The present generation of students risks losing USD 17 trillion in lifetime earnings in present value, or about 14 per cent of today’s global GDP, as a result of COVID-19-related school closures, according to a new report prepared by the World Bank in collaboration with UNESCO and UNICEF.
The report reveals that the impact is more severe than previously thought, and far exceeds the USD 10 trillion estimates released in 2020.
The report, titled “State of the Global Education Crisis: A Path to Recovery report”, shows that in low- and middle-income countries, the share of children living in learning poverty — already 53 per cent before the pandemic — could potentially reach 70 per cent given the long school closures and the ineffectiveness of remote learning to ensure full learning continuity during school closures.
“The COVID-19 crisis brought education systems across the world to a halt. Now, 21 months later, schools remain closed for millions of children, and others may never return to school. The loss of learning that many children are experiencing is morally unacceptable. And the potential increase of learning poverty might have a devastating impact on future productivity, earnings, and wellbeing for this generation of children and youth, their families and the world’s economies,” said Jaime Saavedra, World Bank Global Director for Education.

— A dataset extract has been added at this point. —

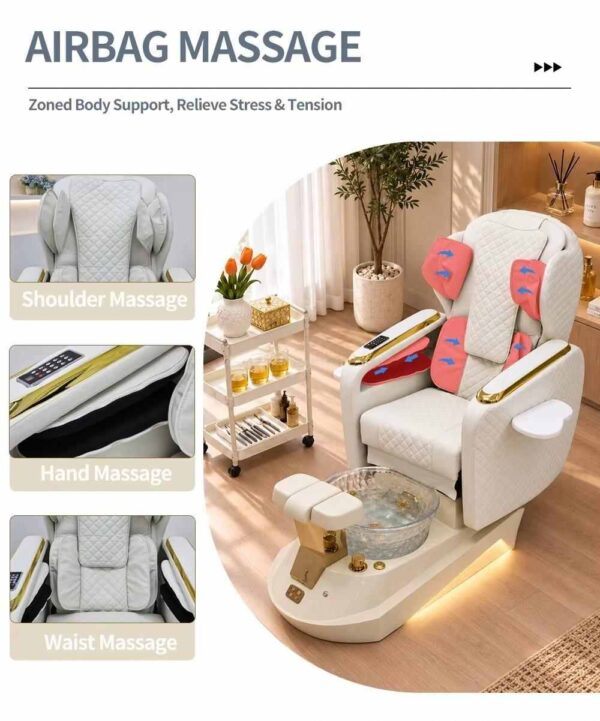 modern-best-luxury-lounge-professional-manicure-massage-fo-01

The report pointed out that simulations estimating that school closures resulted in significant learning losses are now being corroborated by real data.
“For example, regional evidence from Brazil, Pakistan, rural India, South Africa, and Mexico, among others, show substantial losses in math and reading. Analysis shows that in some countries, on average, learning losses are roughly proportional to the length of the closures. However, there was great heterogeneity across countries and by subject, students’ socioeconomic status, gender, and grade level,” it said.
The report highlighted that, to date, less than three per cent of governments’ stimulus packages have been allocated to education and much more funding will be needed for immediate learning recovery.
It also noted that while nearly every country in the world offered remote learning opportunities for students, the quality and reach of such initiatives differed — in most cases, they offered, at best, a rather partial substitute for in-person instruction.
“More than 200 million learners live in low- and lower middle-income countries that are unprepared to deploy remote learning during emergency school closures. Reopening schools must remain a top and urgent priority globally to stem and reverse learning losses. Countries should put in place learning recovery programs with the objective of assuring that students of this generation attain at least the same competencies of the previous generation.
“In terms of improving the efficiency of learning, techniques like targeted instruction can help learning recovery, which means that teachers align instruction to the learning level of students, rather than an assumed starting point or curricular expectation.
“Targeted instruction will require addressing the learning data crisis by assessing students’ learning levels. It also necessitates additional support to teachers so that they are well-equipped to teach to the level of where children are, which is crucial to prevent losses from accumulating once children are back in school,” it added.